Quote the data below in full, minus the images.
Data excerpt below:
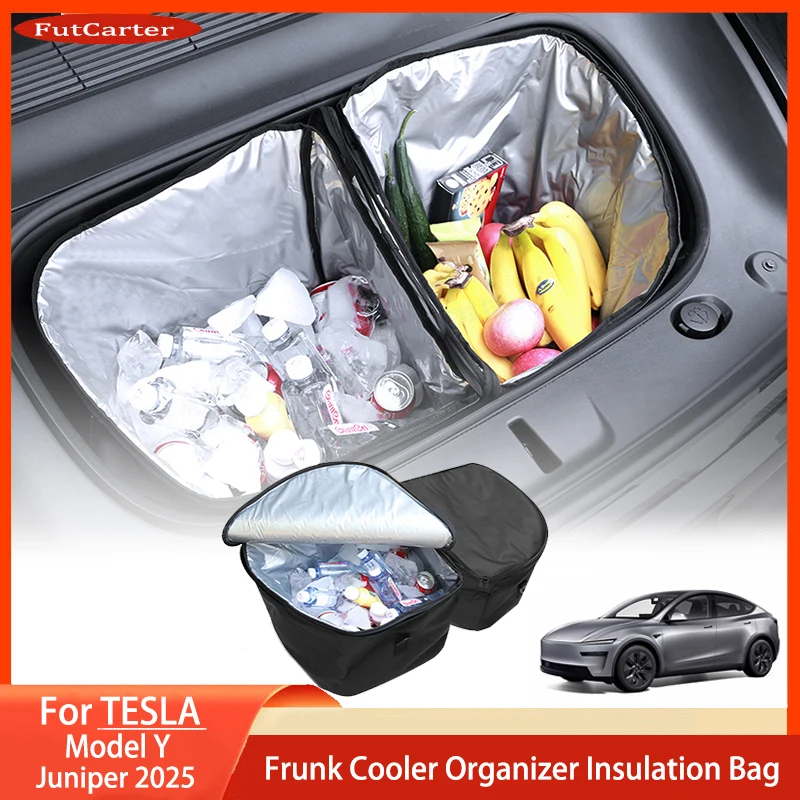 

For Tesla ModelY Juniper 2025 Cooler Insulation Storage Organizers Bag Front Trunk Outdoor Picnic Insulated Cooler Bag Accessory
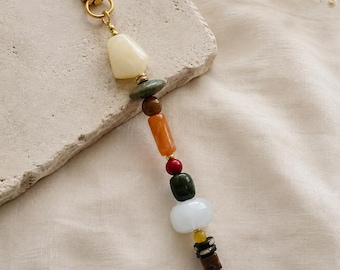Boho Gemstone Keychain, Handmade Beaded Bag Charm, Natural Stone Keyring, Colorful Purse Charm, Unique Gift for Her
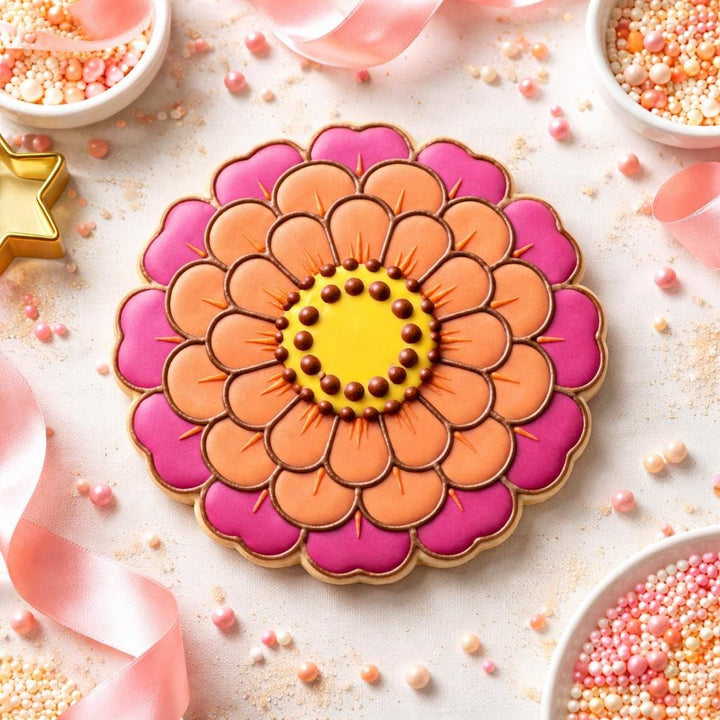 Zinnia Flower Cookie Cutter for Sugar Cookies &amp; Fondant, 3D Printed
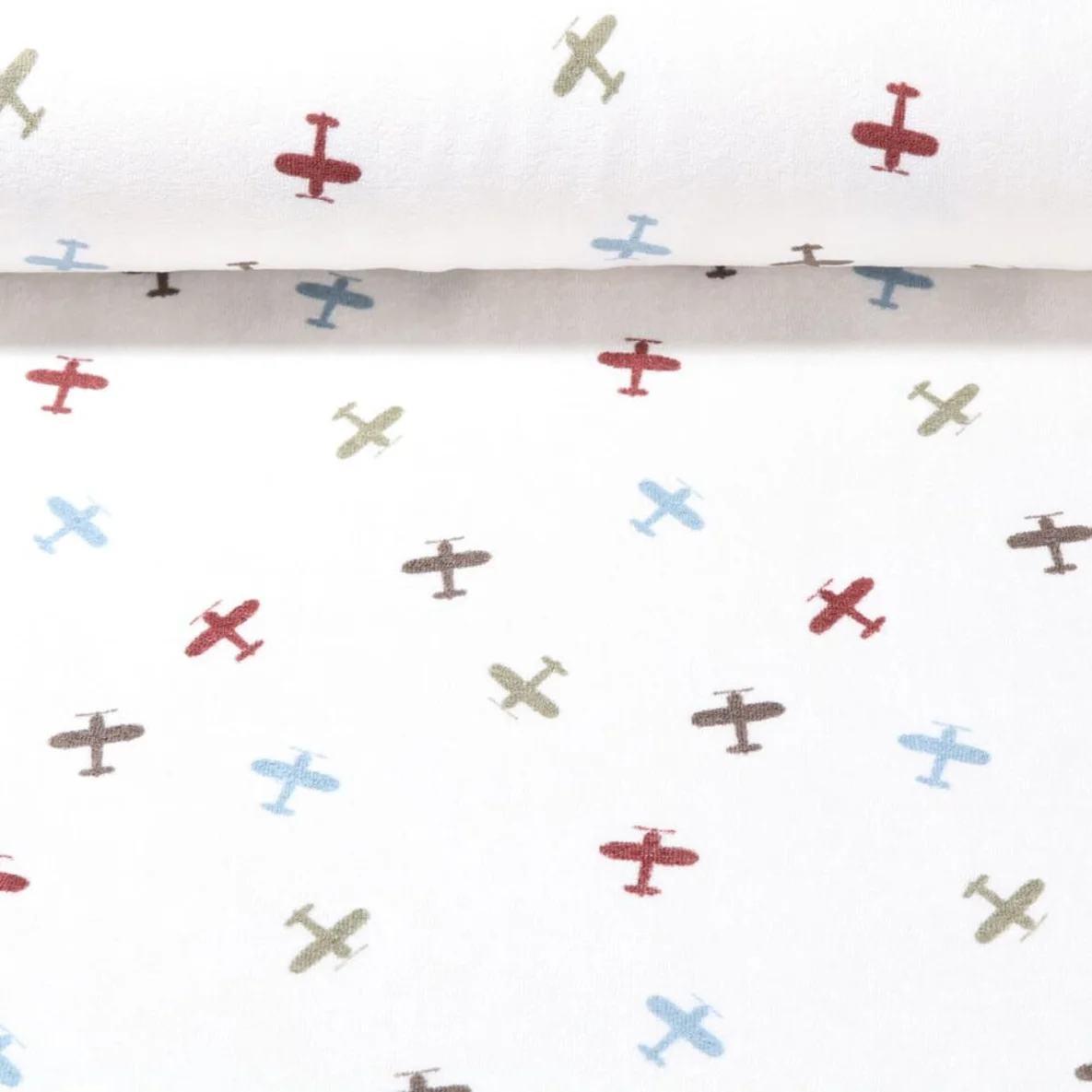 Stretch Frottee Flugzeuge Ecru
End of Data excerpt.
* Exercise response
For Tesla ModelY Juniper 2025 Cooler Insulation Storage Organizers Bag Front Trunk Outdoor Picnic Insulated Cooler Bag Accessory
Boho Gemstone Keychain, Handmade Beaded Bag Charm, Natural Stone Keyring, Colorful Purse Charm, Unique Gift for Her
 Zinnia Flower Cookie Cutter for Sugar Cookies &amp; Fondant, 3D Printed
 Stretch Frottee Flugzeuge Ecru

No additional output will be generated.